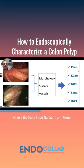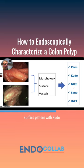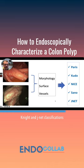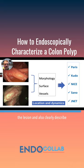We use the PERIS, CUDO, NICE, SANO, and JNET classifications, but mainly focus on morphology with PERIS, surface pattern with CUDO, and vessel evaluation using the NICE and JNET classifications. I also like to do dynamic evaluation of the lesion, and also clearly describe location and resection.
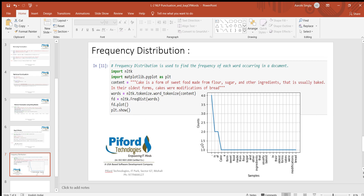When you plot it, you get this type of output. You can see like the word 'cake' is present this many times and 'of' is present this many times. This is just for analysis purposes so you get an idea of which particular word is occurring more in your document and which word is occurring less. That's it for today's class, thank you.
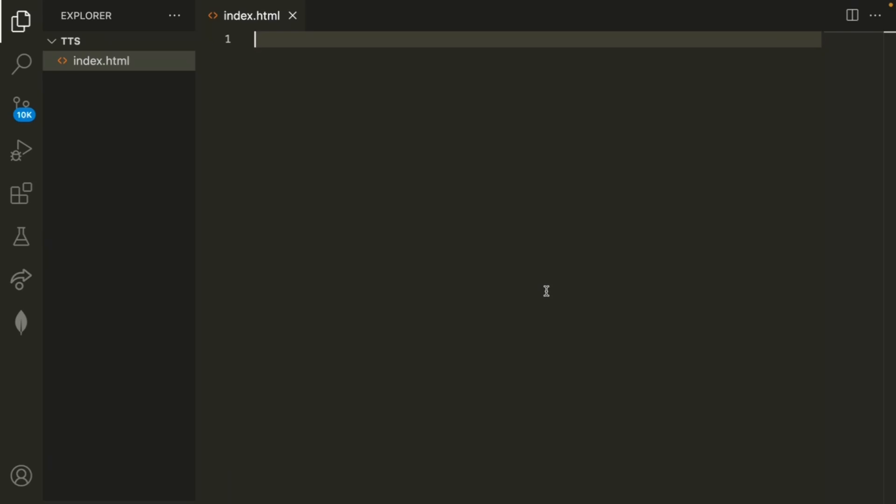Hello everyone and welcome back to coding with Sohamjain. In this quick tutorial I'm going to be explaining how to do text-to-speech in HTML for your website.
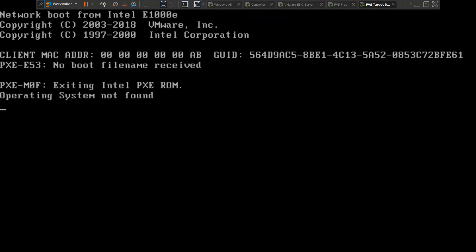Since it was taking such a long time to communicate with the DHCP server, I believe this is something to do with the DHCP server. If you come across this kind of issue in your PVS environment and you already have access to the DHCP server, you can go ahead and check the DHCP server and see all the details.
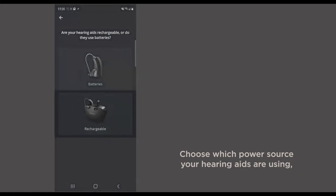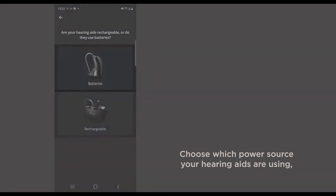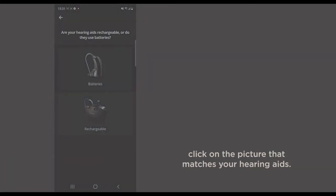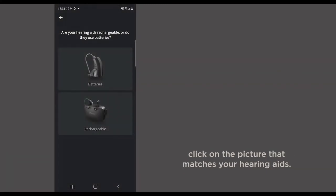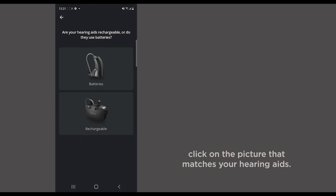Choose which power source your hearing aids are using. Click on the picture that matches your hearing aids.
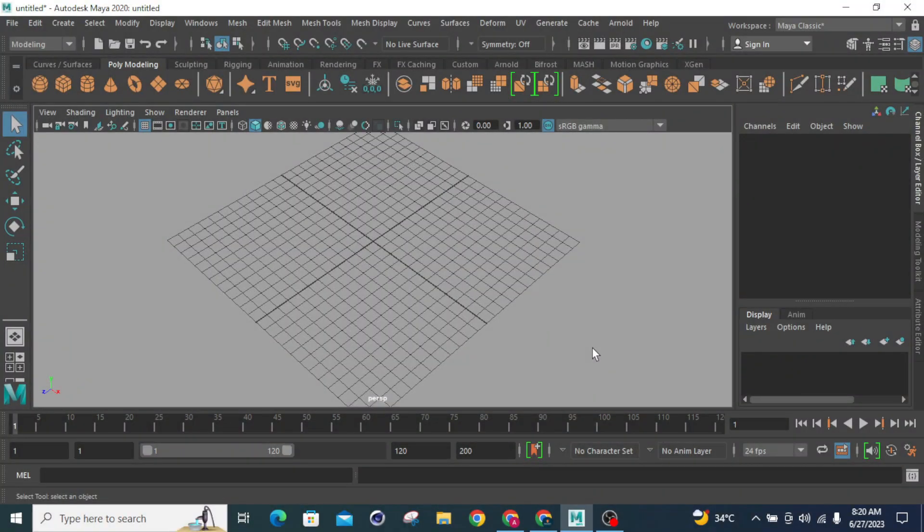Welcome to Key4Design. In this tutorial we will learn about pivot point and how to activate and deactivate pivot point. First you have to know what is pivot point.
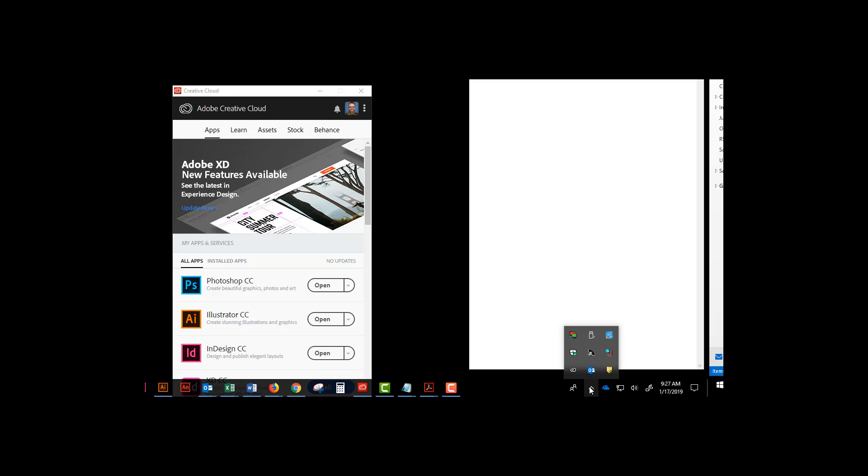This is the location where you can find your Creative Cloud. It has this icon you see right here for the Creative Cloud. You open it up and you'll see this interface right here.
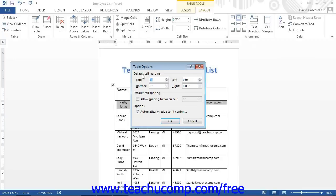In the Default Cell Margins section, use the spinner boxes to set the amount of spacing for each side: top, bottom, left, and right.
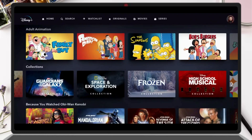And that's it! Now you can enjoy your shows and movies on Disney Plus without having to manually click through every episode.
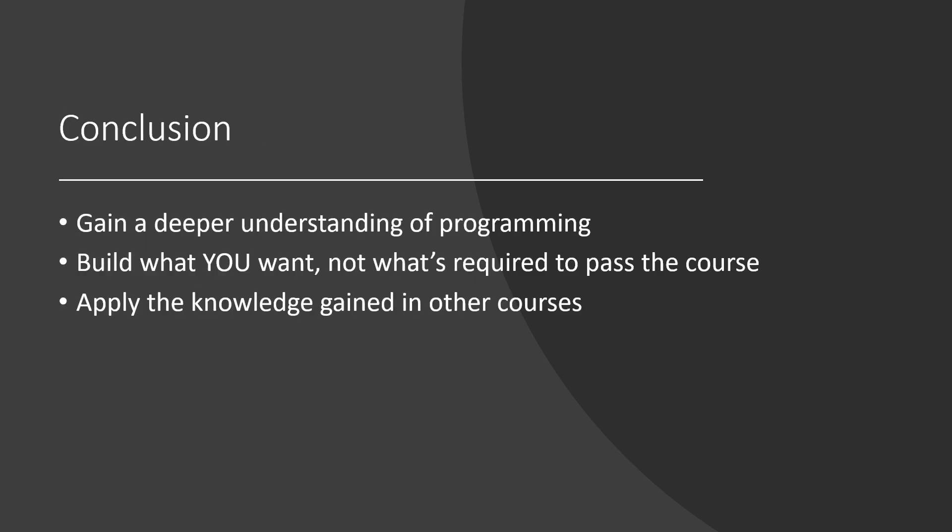In conclusion, this contest helped me learn more about programming and build something I enjoyed working on instead of what the course mandated. I learned how to manage a long-term project over a busy schedule. If you are at all interested in programming, I highly recommend you participate in this contest. It was an extremely rewarding experience worth every second I put into it.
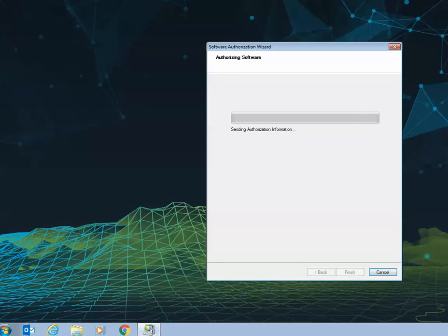And authorize your software. This may take some time depending on your internet connection.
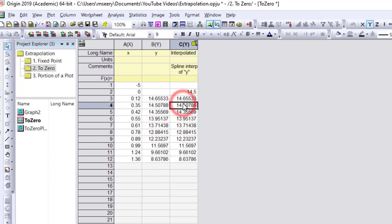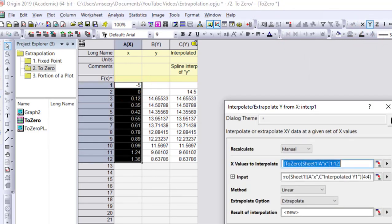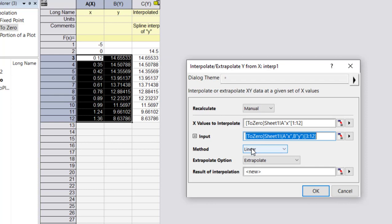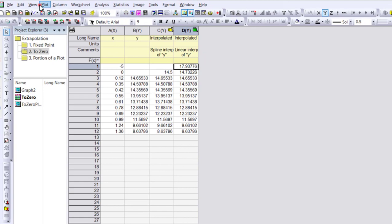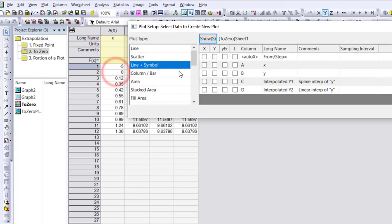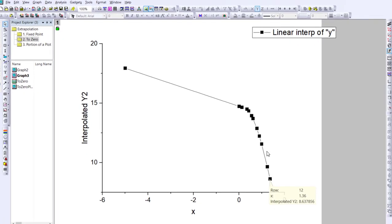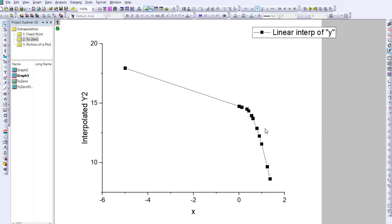Extrapolating backwards is straightforward — the trick is to insert the row with the target x value. To show the importance of method choice, let's try extrapolating to minus five using linear instead of cubic spline. The linear result gives a value of 17.9. Plotting this, we can see it's not a good fit — it's not curving. The linear method just takes a linear relationship from the last two points, which doesn't represent how the curve is actually going.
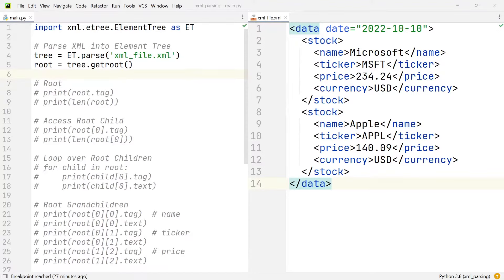In this short video, we're going to learn how we can extract data from XML files, or in other words, parse XML files using Python. XML stands for extensible markup language and it is frequently used when storing or transporting data.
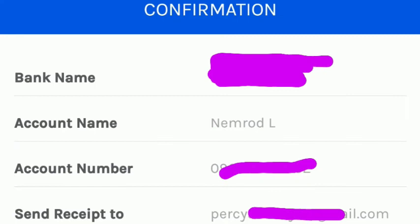Then again, confirmation. You can check the bank, the name, and the number. And again, if you want to receive a receipt, then you can enter your Gmail.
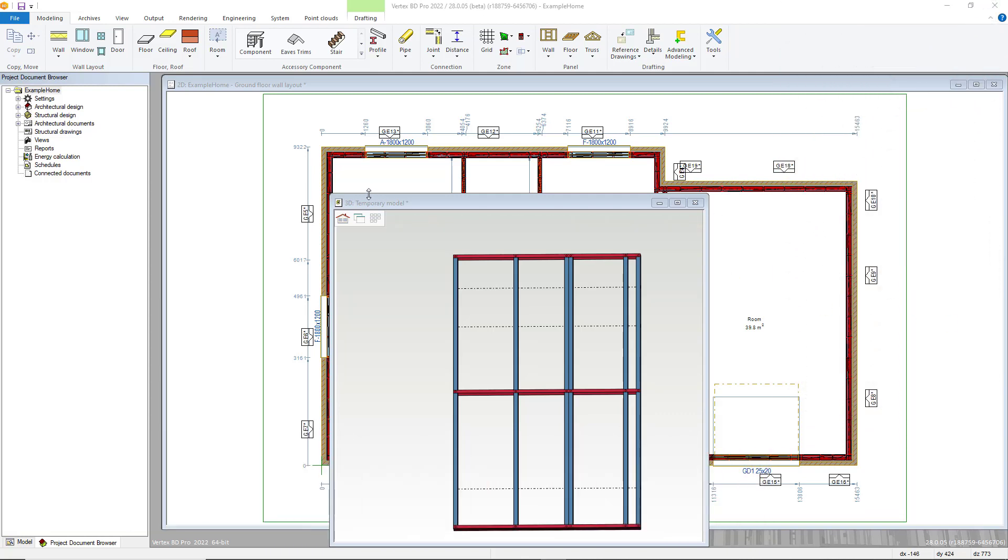Hello, thanks for joining us for this video guide. In this video we will look at the second part of our wall framing tutorial.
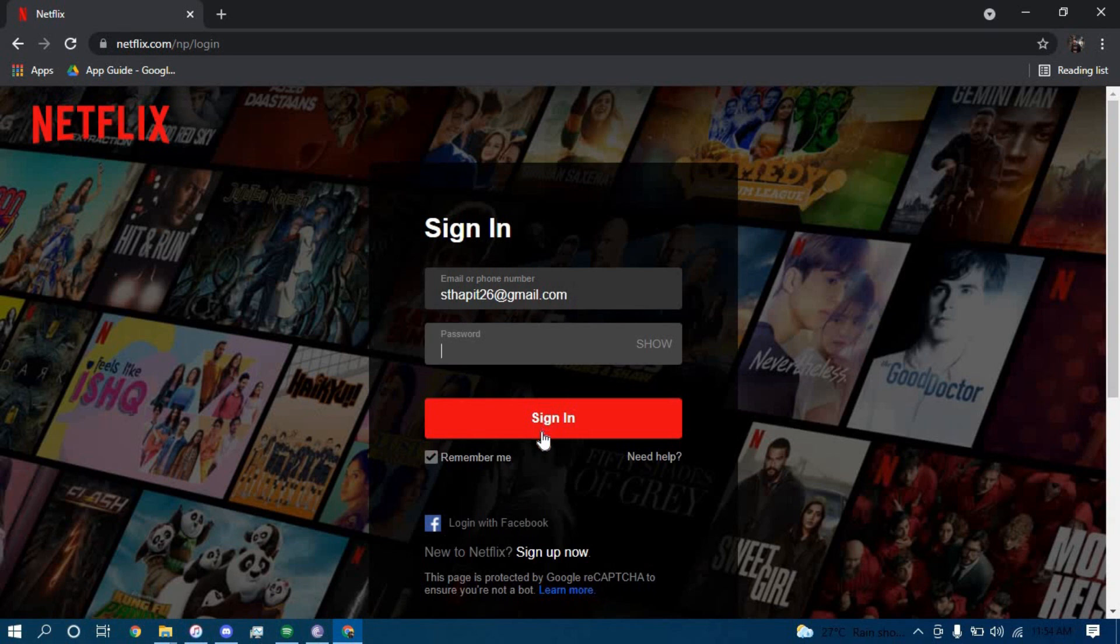Once you click on sign in you should be successfully logged in to your Netflix account and if you want the website to remember your email and password you can tick this box here, if you don't want it just leave it and that is simply it.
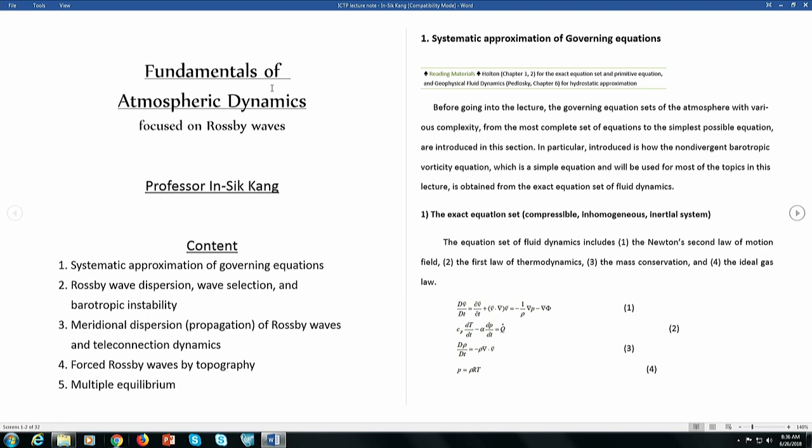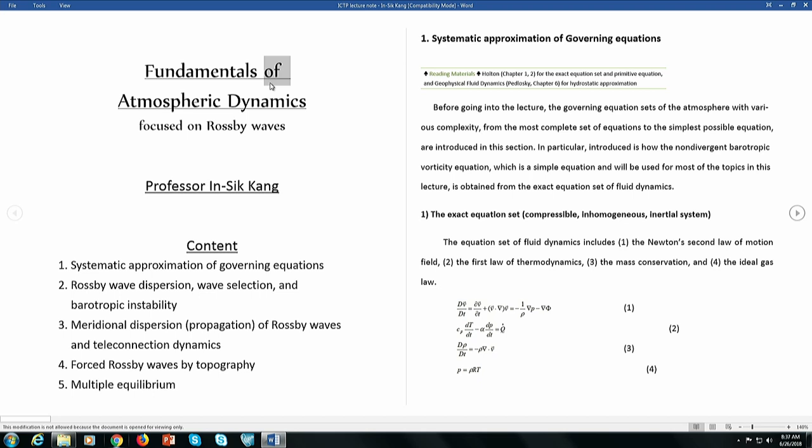The fundamental knowledge behind multiple equilibrium — multiple equilibriums come from the basic state interacting with forced waves. I'll also introduce some basic concepts of free waves: Rossby wave dispersion, wave selection, barotropic instability, meridional dispersion, teleconnection dynamics, forced Rossby waves, and then multiple equilibrium.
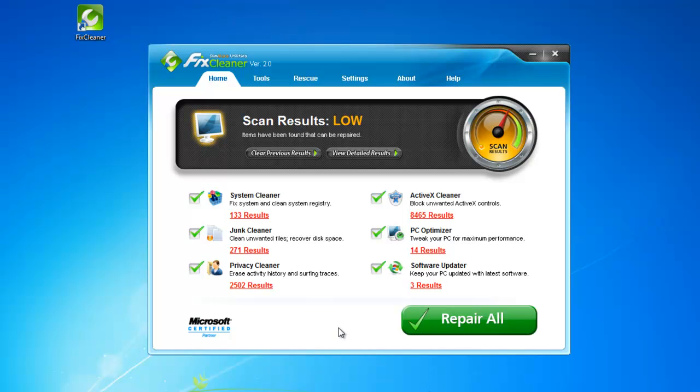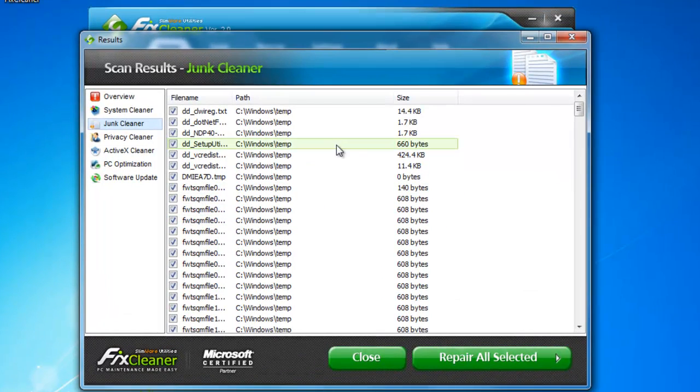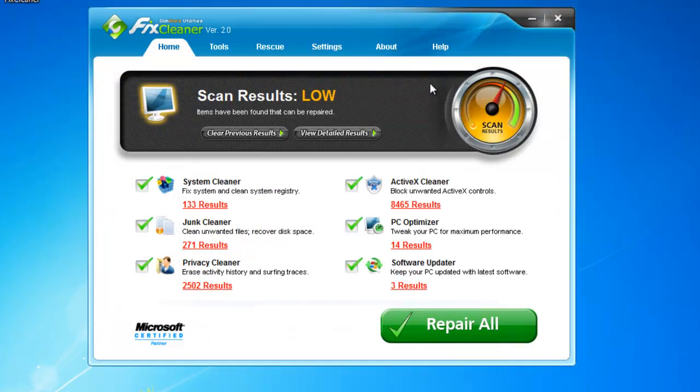If you're unsatisfied with the number of results, though, or you just want to start over, click Clear Previous Results, and you'll erase all the results from the scan you just made. With FixCleaner, you have the ability to see exactly which file types and entries were flagged for removal. To get detailed lists of which types of problems or issues are on your computer, simply click any of the result links beside the scanning process, or simply click View Detailed Results.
__________
Find the line with "Since it was" in the entries above. Set down exactly every line from it up to and including the line with "Choose which power", images excluded.

Since it was taking such a long time to communicate with the DHCP server, I believe this is something to do with the DHCP server. If you come across this kind of issue in your PVS environment and you already have access to the DHCP server, you can go ahead and check the DHCP server and see all the details.
Choose which power source your hearing aids are using. Click on the picture that matches your hearing aids.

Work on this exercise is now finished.